You can change the emphasis of the data in this jobs report the other way: “Jobless rate rises to 8.3 percent, hiring picks up but still falling short” (Fox) Fox, of course, wants the news to look bad for President Obama, so their article leads off with the most negative information they can glean out of the report: “The unemployment rate ticked up to 8.3 percent in July, reflecting a stagnant economic picture.” Then they note a “glimmer of positive news” in the 163,000 new jobs added, but immediately take that back with “but the number brings the economy back to treading-water status.”

They’re right of course. It’s just that is the emphasis one would expect from Fox. They give about six column inches to the negative outlook Republicans extract from the jobs report and about one column inch to the positive signs Democrats took from it with another inch or two for the negative aspects Democrats admitted to. In all, Fox sees the numbers more negatively, as I would, but Fox does it for political reasons perhaps. (And to try to be fair with the numbers, I’m presenting articles from all sides, since the jobs data is ambiguous.)

Apparently Fox decided their original title for this article was a little too obviously biased: “Wrong-Way Growth: Jobless Jumps In July as New Hiring Remains Slow.” Wow! That one was loaded with nothing but negatives. After being linked to with that title on NPR’s blog about this story, the article now comes up under the first title I shoed above, which edges a little toward neutrality. First, it tells you joblessness is up, then mentions that hiring has improved, but then qualifies that by saying it still falls short. A little more balanced, but not much.

Not everyone wanted to present the jobs data in the worst way for Obama’s chances of re-election. Here’s a story that strongly slants the headline the opposite way: “Jobs report keeps Barack Obama hopes alive” (The Economic Times). Ahh, according to this Indian news source that I generally like, this is good news for Obama … a breath of spring air into the summer doldrums. “Surprise job data Friday kept President Barack Obama in the game and deprived Republican Mitt Romney of a narrative change.”

It doesn’t seem to me that it prevented Mitt Romney from seeing the worst in the jobs data. The NPR article above and the Fox News article both gave plenty of statements from Romney about the rise in the jobless rate; but the Economic Times draws this from it: “In normal times, such a report would be viewed as tepid and more bad news than good … but in politics perception is all and, as the data beat expectations and outpaced last month’s revised total of 64,000 new jobs, Obama can breathe easier.”

While Obama may have caught his breath a little easier, I think he had better not put the oxygen bottle away yet.
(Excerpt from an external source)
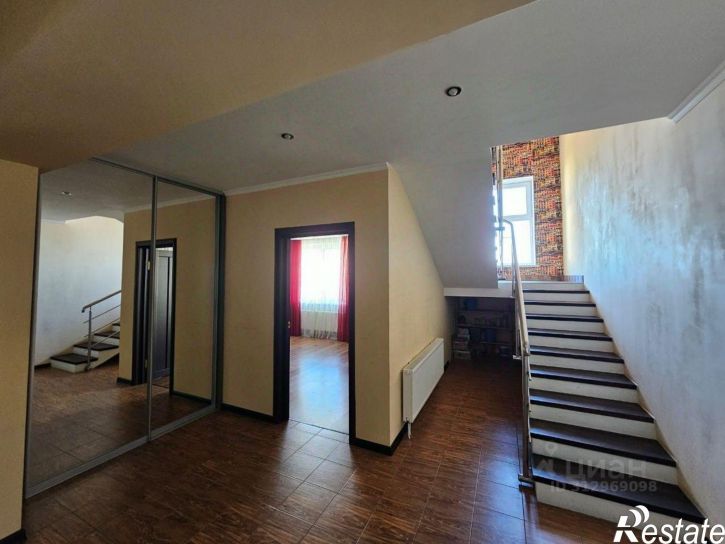 4-комн квартира Кирпичная улица, 6 к1,  д. 6 к1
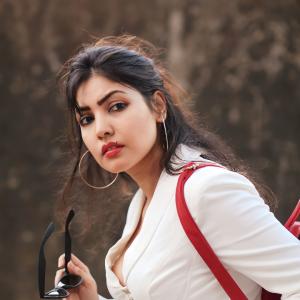Komal Jha’s Glamorous Photoshoots: Stunning Fashion Looks in Green, White, and Red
Rather than a breath of fresh air, I think he just got a breath of slightly less poluted air than he’s had to breathe over the last three months. The Economic Times is right about one thing: In normal times 163,000 new jobs in a month would be considered a bad sign. Only in very bad times could a bad sign be considered a good sign.

NPR is not not so sure today’s numbers tip anything toward one candidate or another: “Latest Jobs Data Maintain Status Quo Of Obama-Romney Race.”


Jobs data in the report excites stock markets globally

Without any election spin in the headline, others gave  the usual smarmy talk about the economic recovery: “Jobs Gains Topping Forecasts Ease U.S. Slowdown Concerns” (Bloomberg) “The U.S. economy generated more jobs than forecast in July as automakers and health-care providers boosted employment, easing concern the three-year expansion is faltering.” Perhaps the real shock for everyone here is that, for once, the jobs data came in with a higher report than what economist expected. Throughout the Great Recession, economists have guessed far high of the real numbers. They missed seeing the Great Recession coming, and they have largely err’ed toward optimism ever since.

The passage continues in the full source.